**Problem details:**
Write out again the lines from the line with "Blu Monaco Gold" up to and including the line with "Bucket Hats Lady", exactly as they stand below, and skip any picture.

**Working data:**
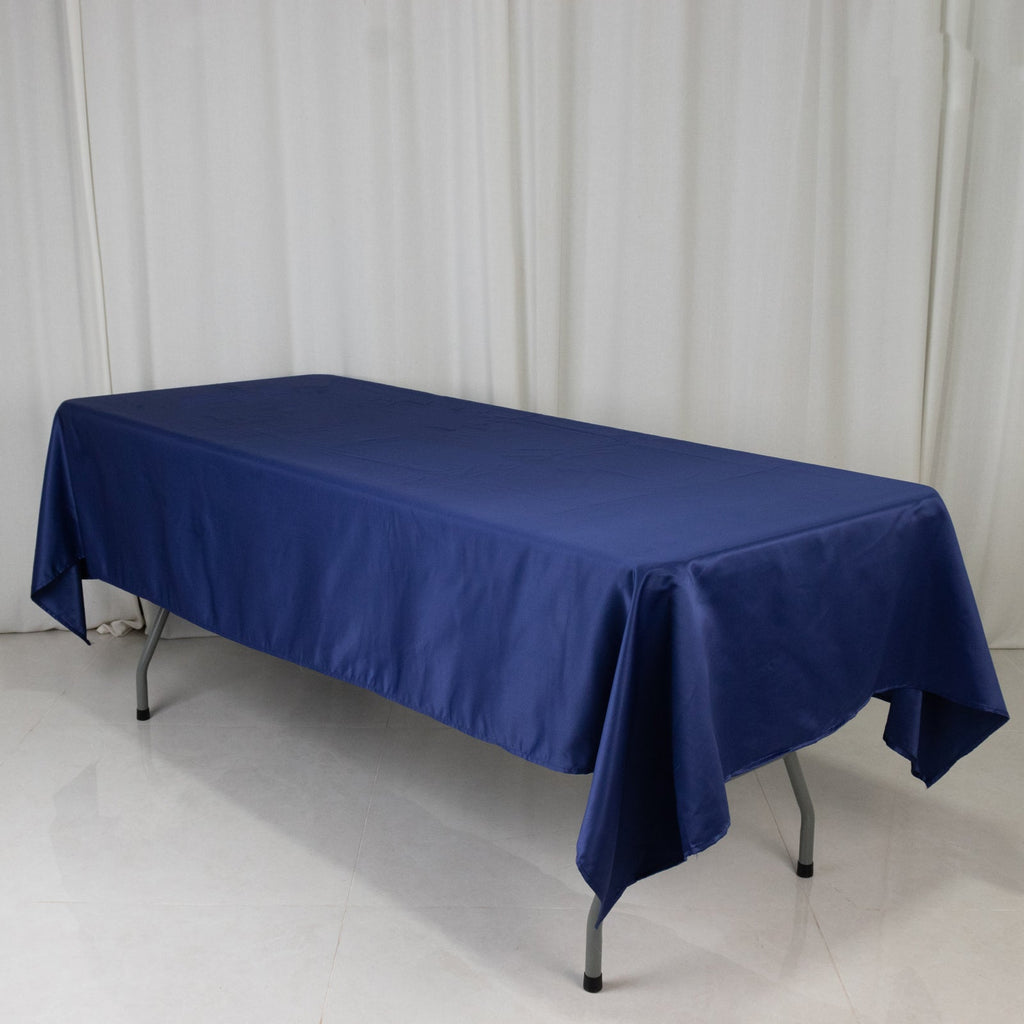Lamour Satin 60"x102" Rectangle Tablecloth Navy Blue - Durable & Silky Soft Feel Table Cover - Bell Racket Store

...

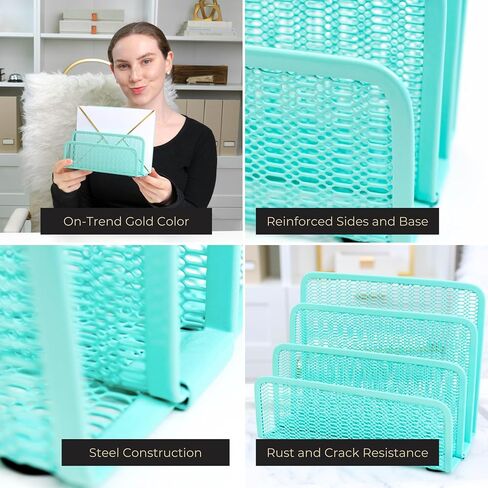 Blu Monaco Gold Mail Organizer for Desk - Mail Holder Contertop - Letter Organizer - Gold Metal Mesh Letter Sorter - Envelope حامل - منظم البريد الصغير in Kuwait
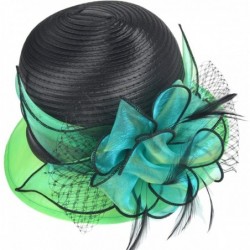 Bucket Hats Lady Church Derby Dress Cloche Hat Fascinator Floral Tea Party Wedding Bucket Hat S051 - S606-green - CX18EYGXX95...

* * *

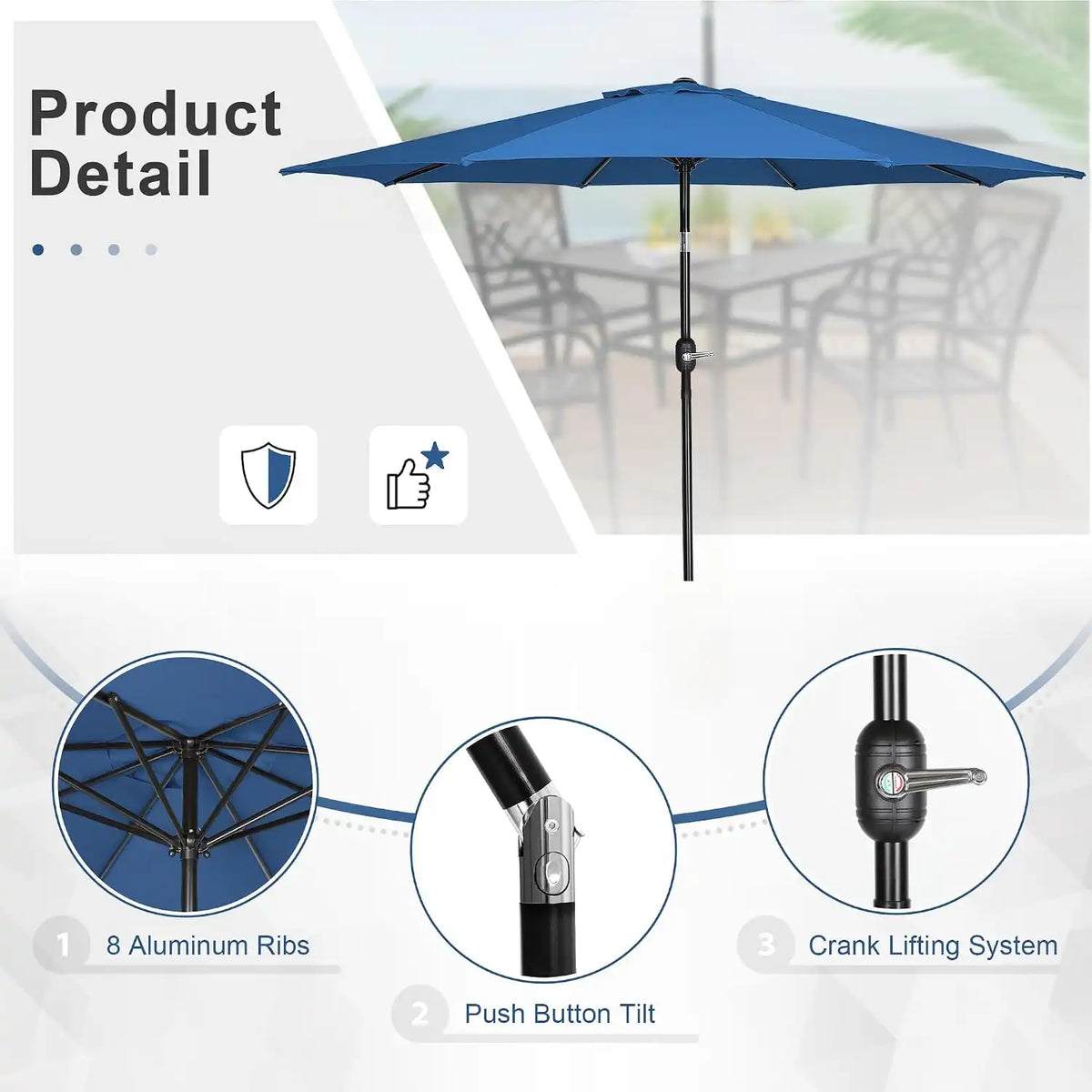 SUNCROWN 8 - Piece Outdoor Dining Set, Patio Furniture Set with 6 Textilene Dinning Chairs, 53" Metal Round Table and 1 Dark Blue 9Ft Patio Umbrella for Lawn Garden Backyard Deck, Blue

**Exercise result:**
 Blu Monaco Gold Mail Organizer for Desk - Mail Holder Contertop - Letter Organizer - Gold Metal Mesh Letter Sorter - Envelope حامل - منظم البريد الصغير in Kuwait
 Bucket Hats Lady Church Derby Dress Cloche Hat Fascinator Floral Tea Party Wedding Bucket Hat S051 - S606-green - CX18EYGXX95...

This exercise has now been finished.